On the morning of my ordination – October 2, 1988 – I woke up feeling the worse for wear. I had been out the night before, on what you could label a kind of clerical equivalent of a stag night, and I had a couple of drinks, so I concluded that what I had was a hangover. A good shower and a walk by the river would sort me out.
But they didn’t. I struggled back to the house barely able to keep my feet under me. Deep down I knew it wasn’t a hangover (nobody gets hungover on three beers!) and I began to wonder and worry. I was throwing up and sweating and trembling. I had no strength and had to get back into bed, though the ceremony was due to take place in a couple of hours and the bus full of excited family, relatives and friends was due to arrive soon.
They may have been excited but I wasn’t. I couldn’t understand what was wrong with me and why it had to happen on this of all days. My colleagues, increasingly worried, decided to get a doctor.
Three of us were being ordained that day. It was the culmination of nine long years of study and preparation, and the man who was going to do the ordaining was the recently appointed archbishop of Dublin, Dr Desmond Connell.
My family arrived at about the same time as the doctor, but it was decided not to tell them that I was ill in bed. The official story was that I was still getting ready and would be down to welcome them in a few minutes. But my family found it hard to believe. They knew that one thing I would never be is late.
Meanwhile, the doctor was unsure as to the reason for my illness. He recommended that I forget about the ordination, stating that I was not up to taking part in any kind of ceremony.
I pleaded with him and with my colleagues who were in charge to let me go ahead, that I could get through it. Reluctantly, they relented. I was given a pain-killing injection and the ceremony was postponed for an hour to give me a chance to recover.
All the while, my Redemptorist colleagues and the many others who had arrived for the big day were wondering what was really going on. Was I having last minute nerves? Was I going to back out? Still not having laid eyes on me, my family were beginning to ask the same questions.
Finally, my parents were allowed up to my room, and they helped me to get ready.

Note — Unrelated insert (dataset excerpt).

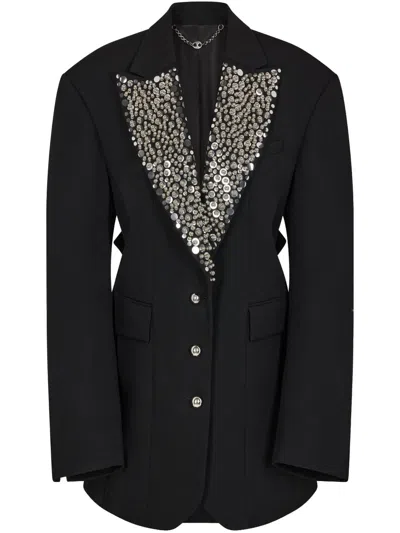 RABANNE EMBROIDERED BLAZER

I was ordained in a chair with a basin underneath in case I needed to throw up. I never prostrated myself or knelt for the laying on of hands. The archbishop and the concelebrants came down to me, not me up to them. And I made it through to the end. I was successfully ordained, and as a result now ontologically different, even if the circumstances were unusual!
Family photographs taken, in which I looked as miserable as I felt, I went back to bed while the celebratory dinner was taking place. But I got up to make an end of dinner speech. I had spent days working on it, and no matter how ill I was, I was determined to deliver it. I love speechifying!
Then it was home to County Limerick on the bus with my family. But I felt increasingly weak and miserable. It was supposed to be a wonderful happy day – and of course it was – but I wasn’t feeling it. I just wanted to get into bed.
And that’s what I did as soon as I got home, but within the hour I was out of bed again, being rushed by my father into hospital in Limerick. Our family doctor had called in to look at me after we got home and straight away announced that I had appendicitis and needed it dealt with without delay.
“So, what do you do?” the young nursed asked me as I was being wheeled to theatre.
“I’m a priest,” I said, scarcely believing those words myself.
“Gosh, you look very young to be a priest. How long are you ordained?”
“A few hours,” I answered.
“Oh my God,” she exclaimed, or whatever was the equivalent of OMG back in 1988.
It was an extraordinary coincidence.
The next day, appendix successfully extracted and First Mass postponed, I was inundated with visits from family and friends.
“Just as well you had an appendix,” my sister said. “Otherwise, they’d all be saying you were trying to back out.”
But I have often wondered about that extraordinary coincidence, especially since I developed back pain on the very weekend 26 years later that I was due to begin my sabbatical. Another absolutely extraordinary coincidence.
Was my body trying to tell me something on the morning of October 2, 1988? Was it telling me to think again about what I was going to do? Could nerves trigger an appendix? Or was it just one of those one in a million coincidences that simply cannot be explained?